Not everybody remembers a time when the only way to pay a bill, other than using cash, was to write a check. With the dawning of the age of technology, automatic fund transfers have become the norm and, in modern times, they are easy to handle for even those not entirely internet savvy. Companies like PayPal walk you through the process, making checks and checking accounts less important in our lives. But lots of people still use checks to pay bills, including rent to a landlord or monthly utilities. And that means that some people sometimes write checks without having enough funds in their account. If you write a check in Michigan that is returned for insufficient funds, you have a short window of time to make it good. If you don't, the consequences can be severe – check fraud is a felony in Michigan.
Michigan Bad Check Laws
Just yesterday, it seems, checks were an essential part of an adult's financial life. As recently as 2014, adults in this country paid over 8 billion bills by check in an amount totaling $4.3 trillion. Today that amount is far less thanks to newer, easier ways to transfer money with the click of a key on your smart phone or computer.
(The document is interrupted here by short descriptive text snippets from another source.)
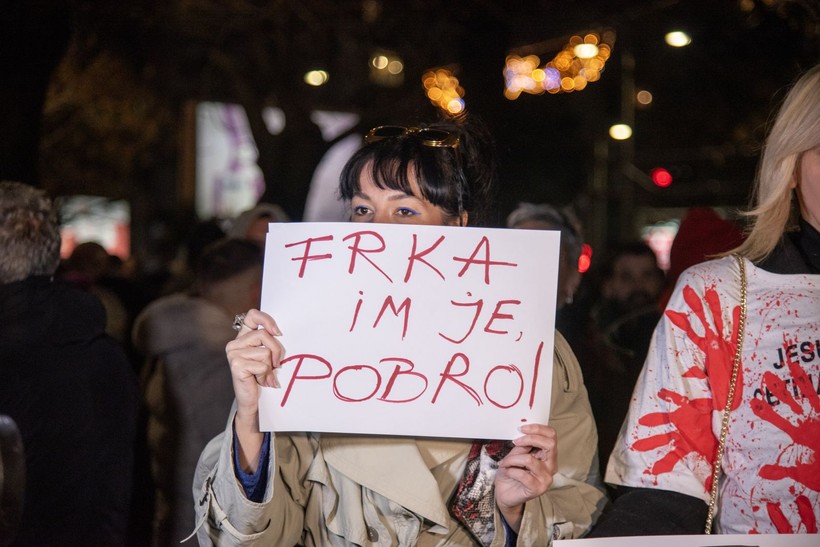 karadagda halk ayaga kalkti 13 kisinin oldurulmesine protesto 1 vXsg9TFz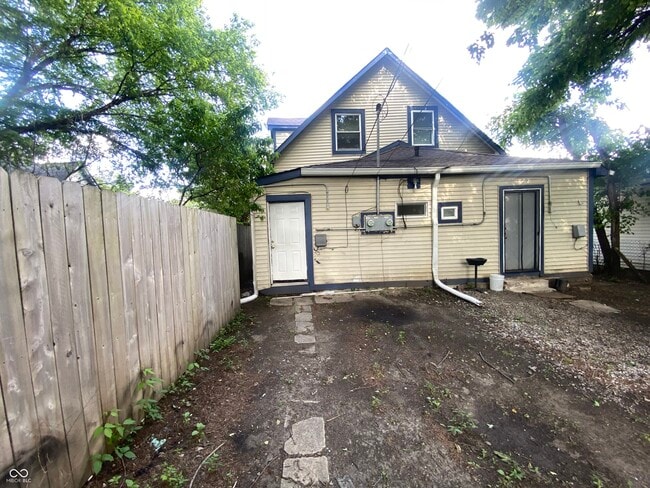 Building Photo - 328 N Elder Ave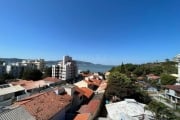Na  Praia do Riso em Coqueiros, Duplex com 3 quartos, terraço e 2 vagas de garagem.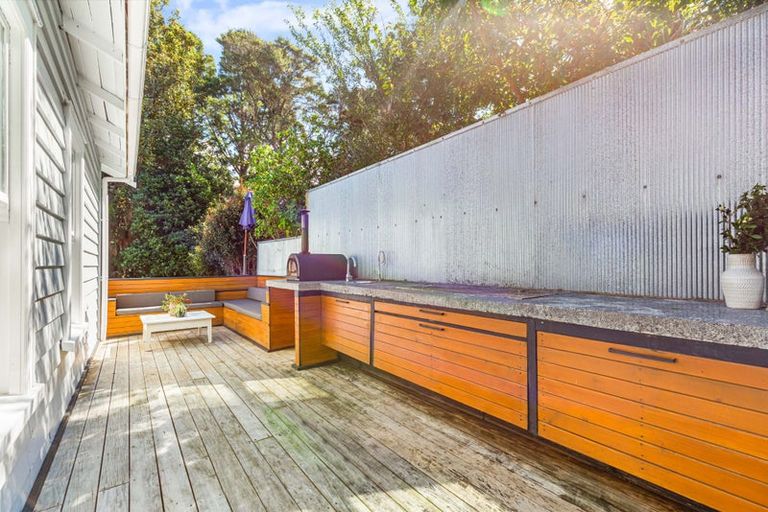 Photo of property in 88 Woodlands Park Road, Titirangi, Auckland, 0604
In many ways, automatic fund transfers are safer than checks. Certainly, merchants have reason to prefer a bank or PayPal-type transfer, since they receive the funds at the same time as they receive notice of payment. It also eliminates the possibility of a bad check or a check lost in the mail or stolen from the mailbox.
Those writing checks could also expose themselves to fraud by others, since handwritten numbers on checks can be changed, and even the name of the person to whom the check is issued can be altered. The personal information about the owner of the account is also often written on a bank check. This can include a person's name, address, phone number and bank account information, and if the check is stolen, all of this information is likewise stolen.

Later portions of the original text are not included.